How do you verify structured data?

Verifying structured data entails checking its compliance with the defined schema, guaranteeing consistency and completeness, verifying uniqueness of specific fields and confirming its accuracy and relevance. This process involves validating data types, formats, grappling with missing values, checking for duplicate values In unique fields and cross-referencing with reliable sources.

The specific methods can vary based on the data type and context, and could involve SQL queries for relational databases or data validation libraries for programming languages like Python or R.

It is a good idea to compare the performance of your pages that don’t have structured data to those which do to see what types of results you are getting. The main way to initiate this process is to carry out a run prior to implementing structured data and then test your web page after it is enforced. Although this can be complicated as page views can vary on a single page for different reasons, it is still worth carrying out.

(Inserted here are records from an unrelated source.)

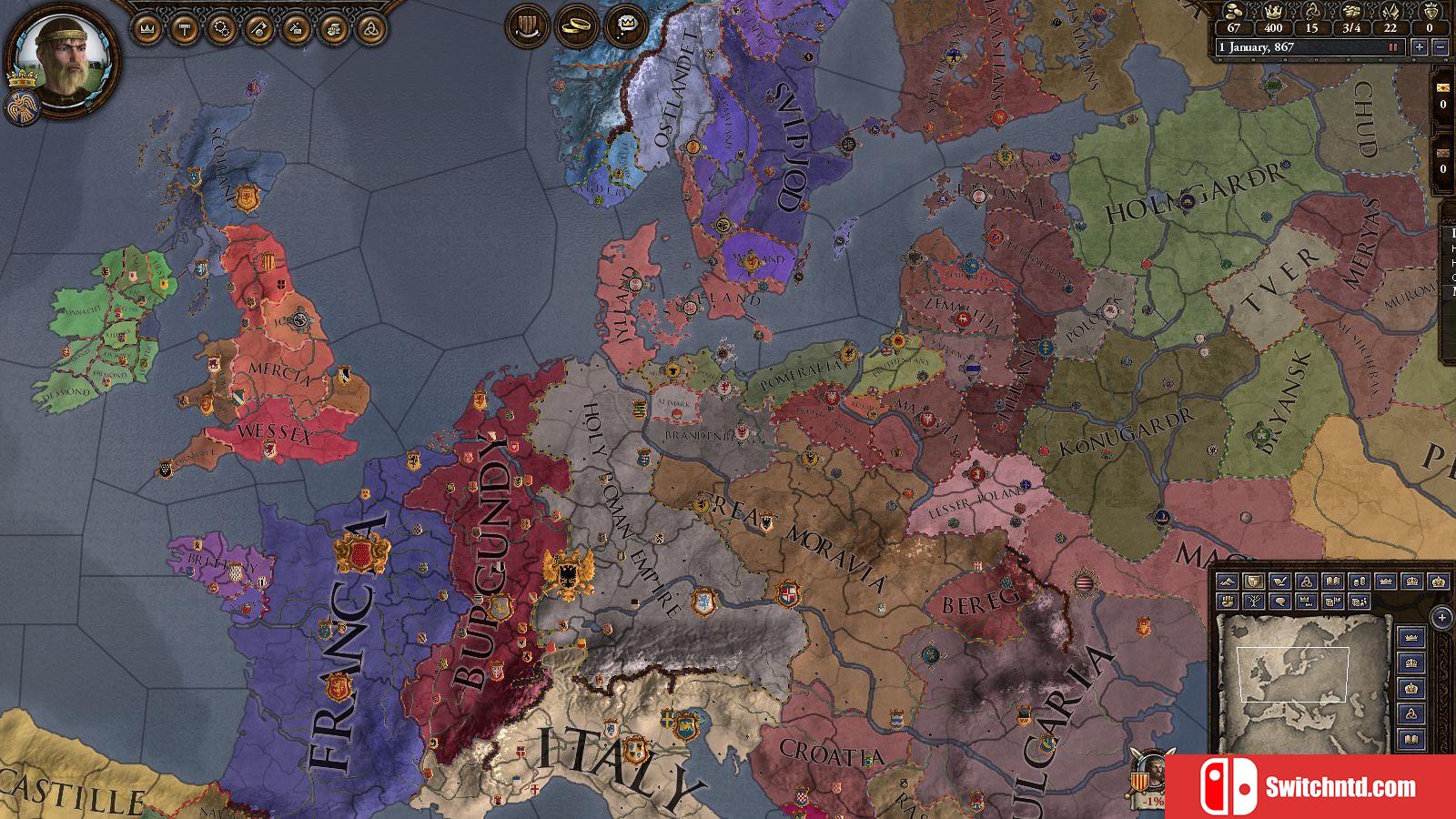 《十字军之王2（Crusader Kings II）》集成议会DLC SKIDROW破解版[EN]_1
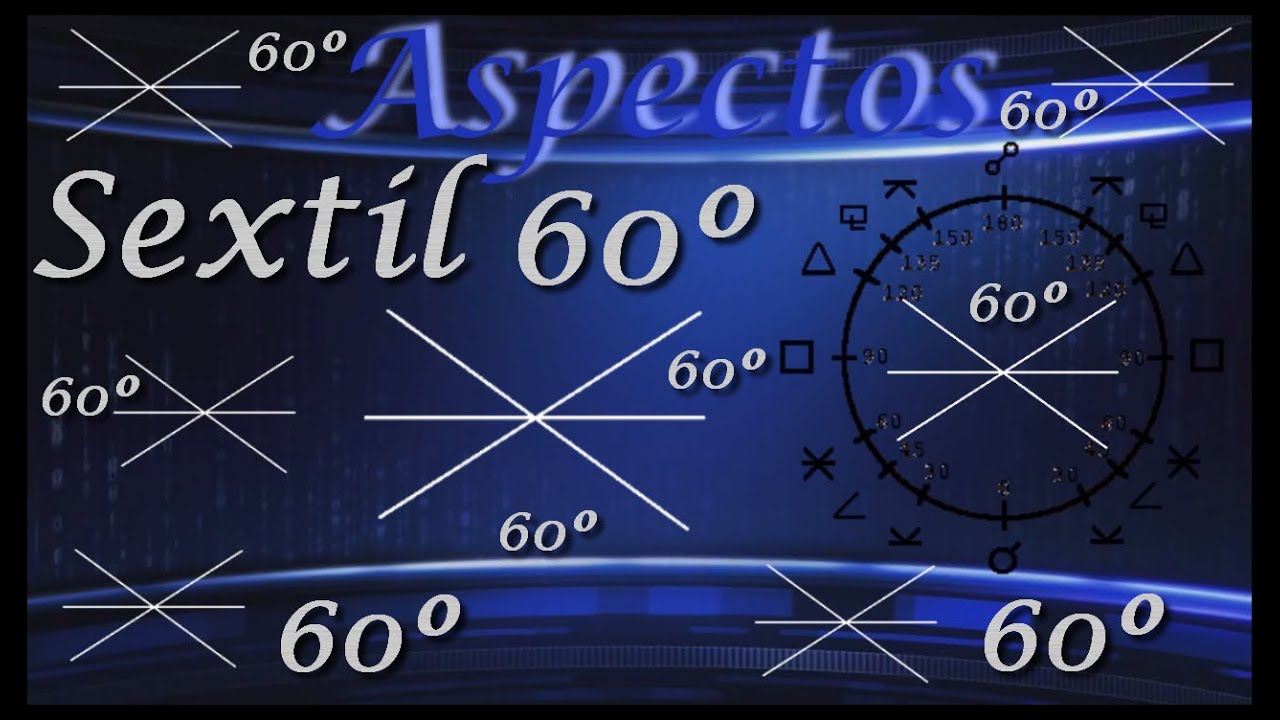 SEXTIL: ASPECTOS - Encontros Astrológicos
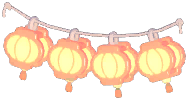 Festive String Lanterns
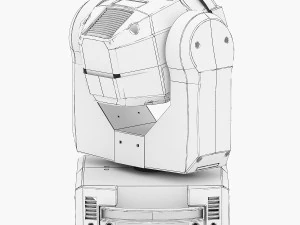 stage light 9 3D Model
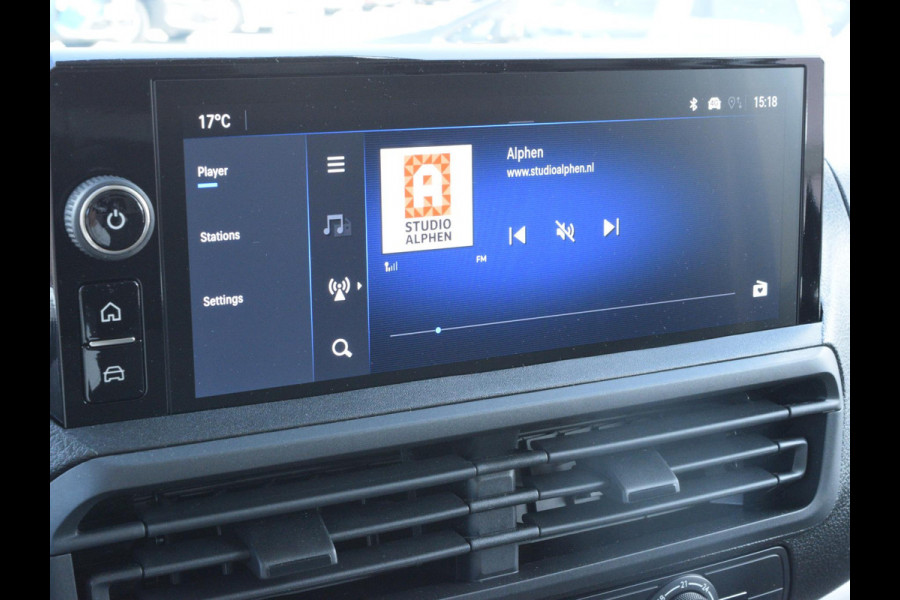 Opel Vivaro Electric L3 75 kWh Tot 8 jaar garantie | Surround View pakket | Apple Carplay | camera | dodehoek detectie | parkeersensoren voor & achter | Comfort tussenschot | rijklaarprijs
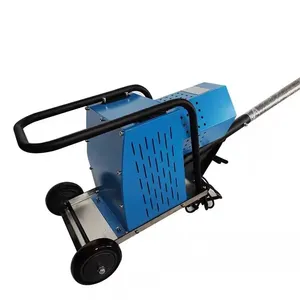 Hot Sale Manual Portable Fiber Laser Cutting Table Slat Cleaner Slag Removal Machine Slag Cleaning Equipment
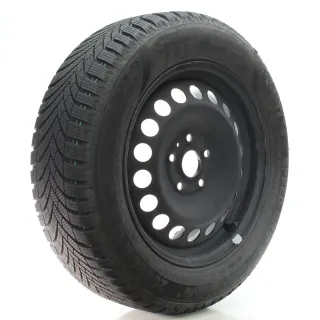 VW Caddy V SB Winterräder Stahl Semperit 205/60R16 96H XL DOT25 5R3601027/B - Bild 6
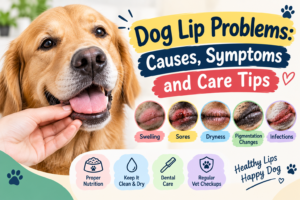 Dog Lip Problems: Causes, Symptoms, Treatment & Care Tips
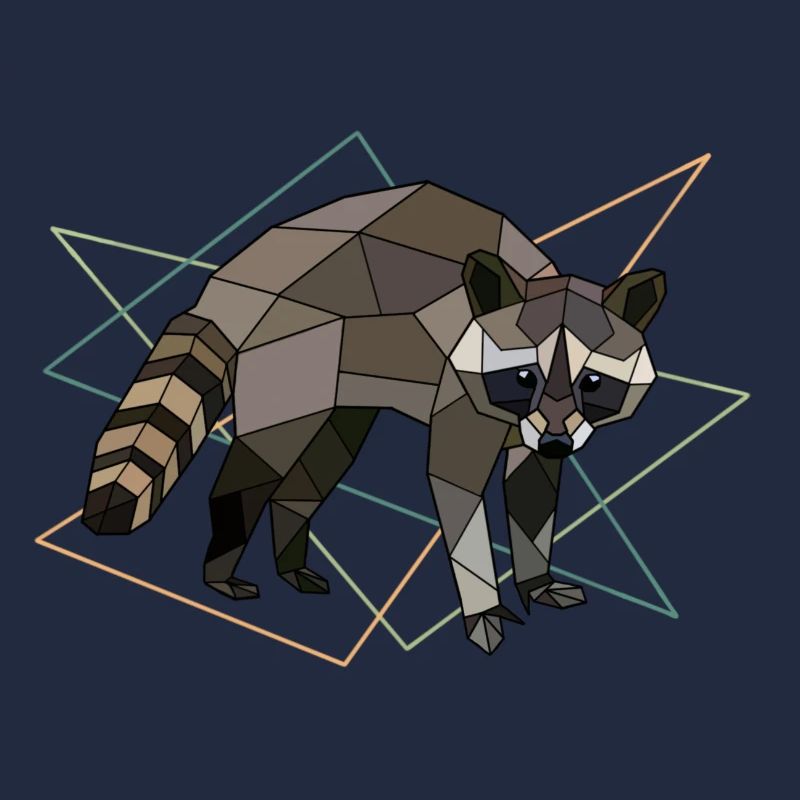 Waschbär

In order to conduct this, you should look at some of the pages on your site that do not use structured data and ones that have a backlog of data in Search Console. The pages you select should be those that won’t be impacted by the time of year, meaning pages that won’t vary much but are those that will still get a wide readership to generate meaningful data. Then, you can add structured data to your pages before confirming that your markup is valid and that Google has located your structured data using the URL inspection tool. This will generate results in a performance report which can be filtered according to the URL, giving you valuable insights.

What tool can you use to test for errors in structured data?

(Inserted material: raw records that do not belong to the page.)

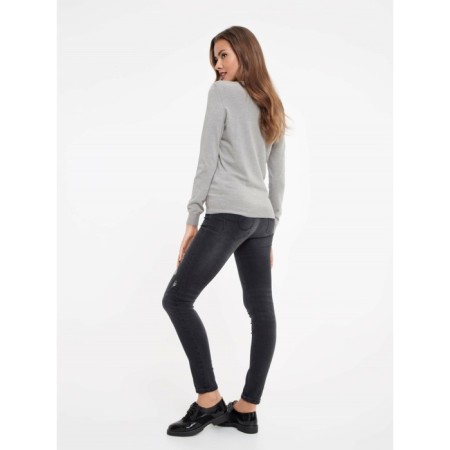 Jumper Female Conte Elegant, size m, color gray color-2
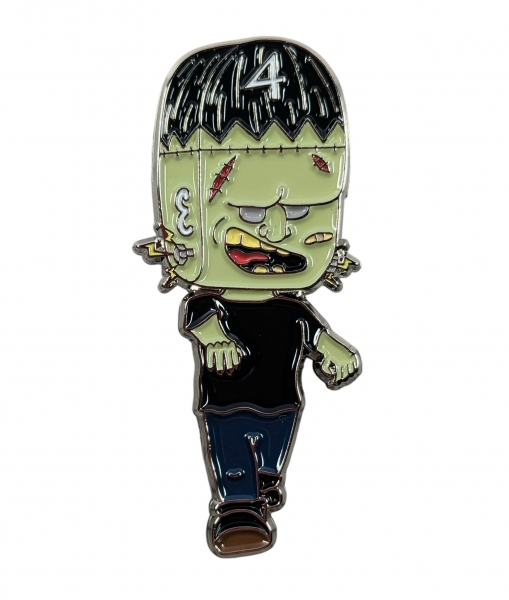 Frankendie - Collectible Enamel Pin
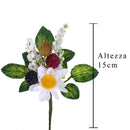 Set 12 Rami in Legno Margherite More 15 cm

There are many tools to check for mistakes in structured data. For example, JSONLint is a well-known tool used to check and reformat JSON. JSON is a format often used to exchange data.

If you have XML documents, you can use an XML Validator. This tool makes sure your XML documents follow an XSD schema. If you’re using CSV files, CSVLint is a useful tool. It checks if your file can be read.

For SQL, SQLFiddle is a good platform. It lets you test and share SQL queries. If you have YAML files, you can use YAML Lint to check them.

Finally, Google’s Structured Data Testing Tool is a complete tool for checking schema markup or other types of structured data. It is important to select a tool that matches the specific format of your structured data. Using a tool made for your data format will give you the best results.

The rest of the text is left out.